Становилось жарко. Я продавил углубление в сене, и вскоре мои глаза затуманились легким сном. Широко цветущую степь заслонили городские улицы, из которых выплыла школа, подле нашего дома, крытые машины с красными крестами, носилки, перевязанные бинтами люди, пятна крови… Я вздрогнул и проснулся. Все так же спокойно катилась по дороге телега. Чуть-чуть покачивался в такт ее движению угрюмый возница. Грустно глядела матушка в какую-то одну точку. Застоялое тепло, тонкие запахи трав и цветов. Мягко и удобно…

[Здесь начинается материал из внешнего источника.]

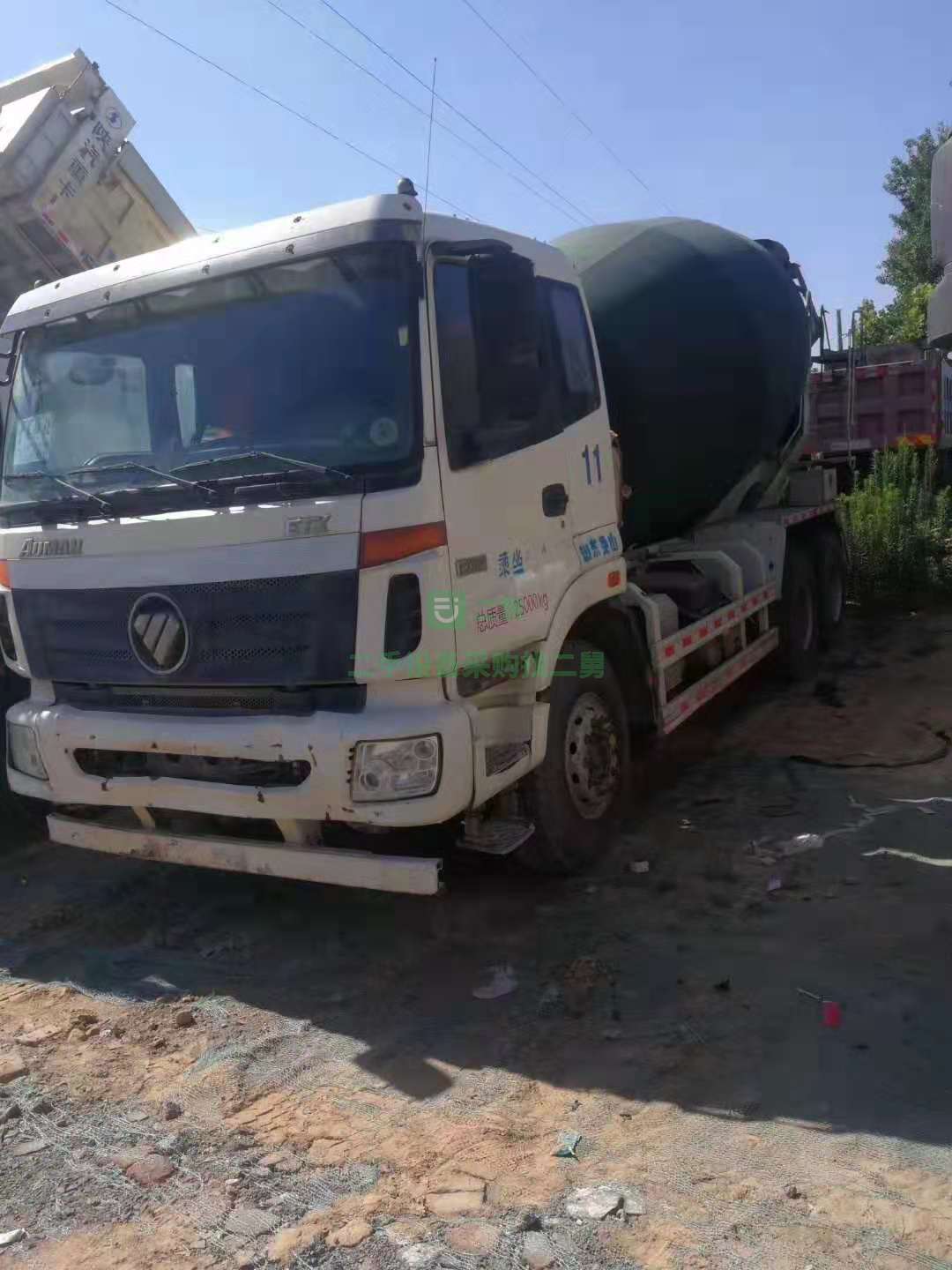 15年歐曼里15方原裝車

Снова мои глаза закрылись потяжелевшими веками: я увидел яркую зелень сквера, длинный перрон, толпу людей, беззвучный оркестр, здание вокзала… И вдруг черный паровоз стал накатываться на все это, мощно и грозно, увеличиваясь в размерах. Миг – и из его зеленых вагончиков начали выпадать люди в военной форме, несуразно размахивая руками и ногами. Они тут же растворялись в воздухе, что-то неслышно крича широко открытыми ртами. Я в ужасе вглядывался в их лица, стараясь узнать отца, и с содроганием проснулся.

– Хозяин, встречай гостей! – послышался возглас, и я поднял голову.

Телега стояла возле деревянного дома с небольшими темными окнами, как-то грустно глядящими в палисадник. Высокие покривившиеся ворота, дощатый заплот с калиткой… Вдоль широкой улицы, почти сплошь заросшей мелкой зеленью, тянулись к лесу другие дома, низкие, темноватые. Тихо и знойно.

Хлопнула калитка – я оглянулся и увидел старика, высокого, сухого, с рыжеватыми усами. Что-то знакомое было в его обличии: где-то я уже видел и торчащие в стороны усы, и большой нос с горбинкой, и ласковые глаза. «Дедушка!» – Я вскочил, и он поймал меня в охапку, притянул к себе, щекоча усами.